ContinuousConv on CUDA returns 0.0 (Open3D 0.18)
Checklist
- [X] I have searched for similar issues.
- [X] I have tested with the latest development wheel.
- [X] I have checked the release documentation and the latest documentation (for
mainbranch).
Describe the issue
On 0.17, CPU and GPU implementations for FixedRadiusSearch return the same result, which make CConv work as intented.
On 0.18, CPU works but GPU returns empty results.
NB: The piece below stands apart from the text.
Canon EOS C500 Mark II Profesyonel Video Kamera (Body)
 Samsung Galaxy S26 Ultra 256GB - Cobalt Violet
This makes CConv return 0.0 when using CUDA.
Steps to reproduce the bug
import torch
import open3d.ml.torch as t3d
torch.set_default_device('cuda')
inp_positions = torch.randn([20,3])
inp_features = torch.randn([20,4])
out_positions = torch.randn([10,3])
conv = t3d.layers.ContinuousConv(
in_channels=4,
filters=4,
kernel_size=[2,2,2],
)
res = conv(inp_features, inp_positions, out_positions, extents=2.0)
res_cuda = conv.cuda()(inp_features.cuda(), inp_positions.cuda(), out_positions.cuda(), extents=2.0)
resmin, resmax = res.min().item(), res.max().item()#, res_cuda.min().item(), res_cuda.max().item()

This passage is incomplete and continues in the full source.